D’autant que le cabinet assure une activité de cardiopédiatrie, une surspécialité peu représentée, et que les deux confrères exercent en secteur 1 et en secteur 2-Optam.
Soutien des élus et de l’URPS
Jean-Pierre Plagnard, adjoint au logement de la mairie du IXe arrondissement, a pris la défense des praticiens. « On doit faire la chasse aux meublés de tourisme, d’accord. Mais il me semblait qu’il y en avait 60 000 à régulariser. Je ne comprends pas que le cas du cabinet des Drs Onger et Clavier soit prioritaire », a-t-il déclaré au quotidien.

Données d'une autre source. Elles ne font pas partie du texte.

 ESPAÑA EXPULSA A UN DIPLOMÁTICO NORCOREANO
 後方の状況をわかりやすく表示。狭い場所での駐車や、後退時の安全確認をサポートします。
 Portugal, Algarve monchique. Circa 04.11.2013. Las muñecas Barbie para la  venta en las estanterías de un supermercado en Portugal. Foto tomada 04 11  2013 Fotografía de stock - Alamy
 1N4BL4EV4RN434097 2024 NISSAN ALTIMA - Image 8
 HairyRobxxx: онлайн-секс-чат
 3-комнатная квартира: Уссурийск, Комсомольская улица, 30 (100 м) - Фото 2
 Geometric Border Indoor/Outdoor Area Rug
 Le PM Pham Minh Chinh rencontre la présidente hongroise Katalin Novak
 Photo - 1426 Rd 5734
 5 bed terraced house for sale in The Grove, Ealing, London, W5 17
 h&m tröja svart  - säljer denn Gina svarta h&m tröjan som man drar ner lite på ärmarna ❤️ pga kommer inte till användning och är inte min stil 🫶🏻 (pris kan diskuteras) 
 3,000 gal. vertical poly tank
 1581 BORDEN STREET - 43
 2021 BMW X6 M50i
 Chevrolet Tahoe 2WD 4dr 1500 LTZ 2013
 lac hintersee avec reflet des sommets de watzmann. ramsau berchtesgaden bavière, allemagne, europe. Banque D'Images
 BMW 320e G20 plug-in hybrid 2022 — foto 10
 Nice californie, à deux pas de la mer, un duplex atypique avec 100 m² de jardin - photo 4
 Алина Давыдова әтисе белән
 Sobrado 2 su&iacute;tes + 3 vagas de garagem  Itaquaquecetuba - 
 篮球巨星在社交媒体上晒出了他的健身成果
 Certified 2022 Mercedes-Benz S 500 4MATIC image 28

Selon l’élu, le contrôle aurait été déclenché par le signalement d’un voisin se plaignant du passage des patients dans l’immeuble.
L’Union régionale des professionnels de santé (URPS) Médecins libéraux d’Ile-de-France est également intervenue, demandant, dans une adressée au maire de Paris Emmanuel Grégoire, à renoncer à la procédure et de rechercher une issue à l’amiable.
Sollicitée par le journal, la Ville rappelle que la réglementation « s’applique à toutes les situations concernées ». Lorsqu’un logement est durablement transformé en local professionnel, une autorisation de changement d’usage est obligatoire, souligne-t-elle, ajoutant que ses services ne peuvent pas « déroger aux règles au cas par cas ».
Les médecins ont parallèlement lancé une pétition en ligne pour obtenir le maintien de leur activité dans les locaux.